Transpiring the frequency domain, t -> Ω (i.e. post-impulse train modulation, t found at nT), I realize --
is not the same as t -> f (pre- impulse train modulation), f = 1/ t.
When we talk of Ω, we also talk of Fs = 1/T. And though its called sampling frequency, we're not yet in the discrete-time domain.
Moving from the impulse train modulation -> discrete-time domain:-
- x(nT) becomes x[n], i.e. a time normalization by a factor of T, and correspondingly
- In the frequency domain, Ω gets scaled/ normalized by an inverse factor 1/T or Fs = 1/T.
So Ω/Fs = ΩT = ω. Then may I conclude, that:
{ Ω : t :: ω : n }
I don't know if I should call Ω an analog frequency and ω a discrete-time frequency. If yes, then what I should I call f, where f = 1/t before we knew time as t = nT !
Actually, it is Fs which we call the sampling frequency expressed as Hertz, while Ω is expressed as radians/ sec.
For e.g. Ωs = 2π/ T. And in general Ω = ω/ T. So maybe I shouldn't even term it 'frequency'.
In the transition from the impulse-train modulated signal -> discrete-time sequence, may I comment on what we know as the impulse:
if { δ(Ω) or δ(ω/ T) : Area of the dirac-delta impulse function }, then
{ δ(ω) : the sample value or the height of the impulse sequence, and not the area }
Then w.r.t the equation in the subject (as the title) of this email, how can we equate δ(ω/ T) with δ(ω)! I mean, the author states that scaling the independent variable, also scales its AREA. Here I presume that both Ω and ω are independent variables.
First of all δ(ω) is not an area. So scaling it by T and then assigning to δ(ω/ T) which is actually an area doesn't make any sense to me. Notably, the author says δ(ω/ T) = T.δ(ω)

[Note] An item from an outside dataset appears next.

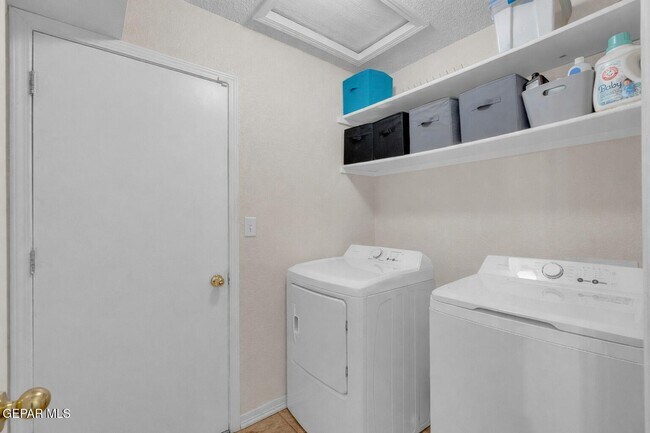Building Photo - 3092 Tierra Bowles Dr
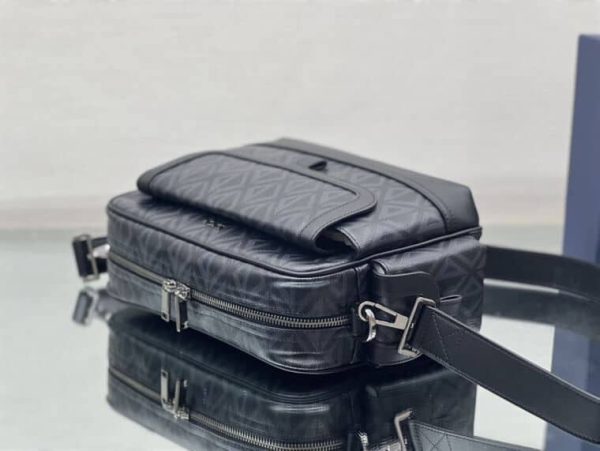 DIOR HIT THE ROAD MESSENGER BAG – DR016 - Image 4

Only a dirac-delta impulse FUNCTION is ascribed an area. A unit sample impulse sequence is not a function, but just a floating value in height, because:
when we scale Ω by T, i.e. ω/ T * T, we're loosing information about time in toto, i.e. when we reach the abscissa scaled in terms of
ω, we only know the value of the sample in frequency domain, not its position in time, i.e. we've lost even its spacing because space-time being a continuum.
I dunno. Maybe using the sample value δ(ω) and the value of ω, we can calculate x[n] in the time domain,
(where ω = ωo +/- nωs; ωo = ΩoT = 2πFoT, Fo being the fundamental frequency of the signal x(t); ωs = ΩsT = 2πFsT = 2π).
And by the way, I'm thinking that { δ(ω) : frequency domain :: δ(n) : time domain }. Moreover, as we poked Ω, can ω be even termed 'frequency'! I mean, if we call ω discrete-time frequency, then what should I call -- some variable = 1/n in dealing with ω, just as we know Fs = 1/T in dealing with Ω. Just that we've dropped information about T before we're left purely with n. I mean, does it imply that sampling implies dropping time info in moving from nT -> n or ω/ T -> ω, having nothing to do with impulse-time modulation.
Drawing attention to pg. 174, the author seems to state that δ(ω/ T) = π and δ(ω) = π/ T (from the equation δ(ω/ T) = T.δ(ω)), which doesn't make sense to me at all, because the the graphs on the page clearly show that δ(ω) = π and δ(ω/ T) = δ(Ω) = π/ T. I mean:
ref. pg. 173 says x(t) = cos(4000πT), so in the frequency domain we have
X(jΩ) = πδ(Ω - 4000π) + πδ(Ω + 4000π). So that's what I was referring to when I wrote δ(ω) = π above.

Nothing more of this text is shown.